Reducing the Cost of Quantum Chemical Data By Backpropagating Through Density Functional Theory

Alexander Mathiasen,Hatem Helal,Paul Balanca,Adam Krzywaniak,Ali Parviz,Frederik Hvilshøj,Blazej Banaszewski,Carlo Luschi,Andrew William Fitzgibbon
2024-02-06
Abstract:Density Functional Theory (DFT) accurately predicts the quantum chemical properties of molecules, but scales as $O(N_{\text{electrons}}^3)$. Schütt et al. (2019) successfully approximate DFT 1000x faster with Neural Networks (NN). Arguably, the biggest problem one faces when scaling to larger molecules is the cost of DFT labels. For example, it took years to create the PCQ dataset (Nakata & Shimazaki, 2017) on which subsequent NNs are trained within a week. DFT labels molecules by minimizing energy $E(\cdot )$ as a "loss function." We bypass dataset creation by directly training NNs with $E(\cdot )$ as a loss function. For comparison, Schütt et al. (2019) spent 626 hours creating a dataset on which they trained their NN for 160h, for a total of 786h; our method achieves comparable performance within 31h.
Machine Learning
What problem does this paper attempt to address?

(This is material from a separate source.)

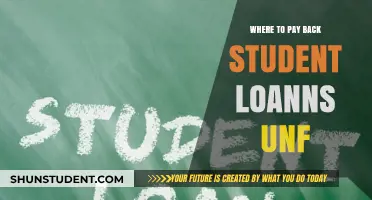 Student Loan Payback: UNCF Options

This paper mainly explores how to reduce the cost of acquiring quantum chemical data. Currently, using density functional theory (DFT) to predict the quantum chemical properties of molecules is accurate but computationally expensive, with the required time growing exponentially as the molecule size increases. To address this issue, researchers propose a new pre-training technique, which directly uses the energy function E(·) of DFT as the loss function to train the neural network, thus avoiding the expensive process of generating DFT labels. The traditional approach is to first calculate a large amount of molecular data using DFT, and then use this data to train the neural network (NN). However, the time spent on generating the data set far exceeds the time spent on training the neural network. The method mentioned in the paper, called Quantum Pretraining Transformer (QPT), achieves new data samples at each training iteration by directly performing backpropagation with E(·) during the training process. This helps prevent overfitting and provides the potential for arbitrary scalability of the model. The QPT method achieves comparable accuracy to previous work without creating a data set, significantly reducing the total time and computational cost. The paper also mentions several key points, such as using initial DFT guesses to accelerate optimization, and techniques like quantum bias attention and density mixing to improve performance. Experimental results show that QPT achieves similar prediction accuracy as previous methods without using precomputed DFT labels, while greatly reducing the total time for data creation and training. This approach opens up new avenues for pretraining large molecules and neural network models, with potential applications in predicting protein-ligand interactions on a larger scale in the future.